Topic: Can I read EEPROM twice in one 'if' statement? (Read 319 times) previous topic - next topic

doublec4

Having some trouble here getting this bit of code to execute on my Arduino Pro Mini...


Code: [Select]

if(EEPROM.read(EEMEMORYCHECK1) != eevalues[EEMEMORYCHECK1] && EEPROM.read(EEMEMORYCHECK2) != eevalues[EEMEMORYCHECK2])          //checking to see if this is the very first time we will update the EEPROM to the default values
{
  for (int j = 0; j < EEPROM.length() ; j++)
  {
    EEPROM.write(j, 0);
  }
  for (int i = 0; i < EE_ARRAYSIZE; i++)
  {
    EEPROM.write(i, eevalues[i]);                                 //writes all of the default values to the eeprom memory
  }
}



Basically I'm storing my default values in the eevalues[] array that is initialized in my header.
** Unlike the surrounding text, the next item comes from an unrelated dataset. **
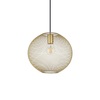 Lampadario Elegante sfera NET 29cm Finitura Oro Opaco e Design a Rete NET SP1 D29 ORO IDEAL LUX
What I'm trying to achieve is determine if this is the very first time I'm ever running this piece of code on my arduino. How I'm trying to do this is by comparing the first two bytes in the EEPROM to  two integers at positions EEMEMORYCHECK1 and EEMEMORYCHECK2 within the array.

The logic here is that it will be very statistically unlikely (I think) that 'out of the box' those first two bytes in EEPROM were randomly assigned the integer values I chose. Therefore, this piece of code should run the very first time the code ever runs. The first for loop basically clears all of the EEPROM, and the second for loop then puts my default values from my array into EEPROM memory. The next time this if statement is run, those memorycheck integers will match and I won't keep writing over EEPROM memory (to keep from wearing it out).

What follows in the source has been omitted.